慰安婦:NHK新会長が妄言「どこの国にもあった」「竹島は日本領土」と主張
朝鮮日報 2014年1月27日
 中立報道によりその権威を認められた日本の公共放送NHKの籾井勝人新会長(70)が旧日本軍の慰安婦問題に関連、「戦争をしているどこの国にもあった」と妄言を発した。

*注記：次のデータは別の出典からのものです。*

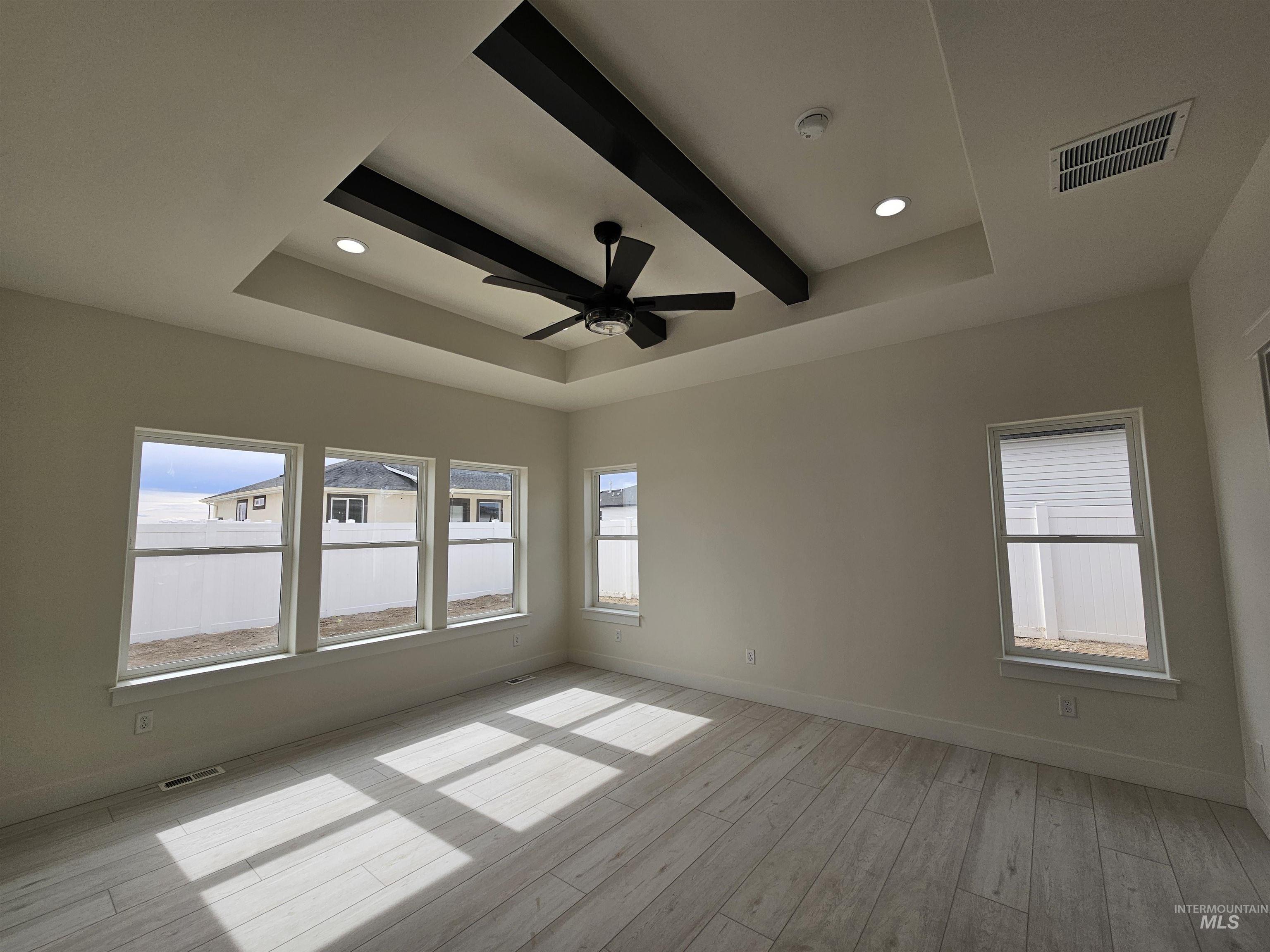 1187 Crestview Drive, Twin Falls, Idaho 83301, 3 Bedrooms, 2 Bathrooms, Residential For Sale, Price $545,000,MLS 98977149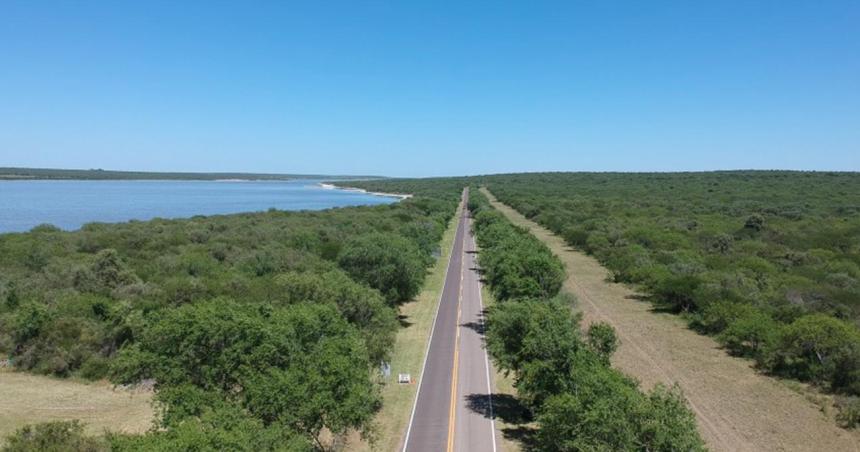 Drones en ganaderiacutea bajo monte de caldeacuten y arbustal de jarilla- una revolucioacuten tecnoloacutegica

 籾井会長は25日、就任記者会見で「(慰安婦は)ドイツにもフランスにもヨーロッパはどこでもあった。なぜオランダにまだ飾り窓(売春街)があるんですか」と述べた。旧日本軍の慰安婦が一般的な売春婦と同じだという意味だ。さらに同新会長は「韓国は日本だけが(慰安婦を)強制連行したようなことを言っている」とも述べた。
 
 しかも、籾井会長はNHKを利用して独島(日本名:竹島)が日本領土だという主張を展開するつもりだと述べた。首相の靖国神社参拝については「首相が信念に基づいて参拝したもので、私は良しあしを評価する立場にない」「政府が『右』と言うものを『左』と言うわけにはいかない」とも述べた。安倍首相の意向が反映された形で任命された籾井会長は三井物産副社長や日本ユニシスの社長などを歴任している。
東京= 安俊勇(アン・ジュンヨン)特派員 
 
慰安婦:「強制・残虐・大規模」無視した籾井発言の無知
朝鮮日報 2014年1月27日
 2007年に通過した米下院の決議案は「旧日本軍従軍慰安婦」を「旧日本軍に性的サービスをひたすら提供することを目的として若い女性を公的に動員した。日本政府による強制軍隊売春制度『慰安婦』はその残酷性と規模で前例がないもの・・・20世紀最大規模の人身売買の一つ」と規定している。「公的動員」「強制」「残酷性」「大規模」が旧日本軍従軍慰安婦の性格を規定する際の核心だ。
 これを部隊の小規模売春と同一視した籾井勝人NHK新会長の発言は「自分は豆粒ほどの知識も知らない無知な人間」と言っているのと同じだ。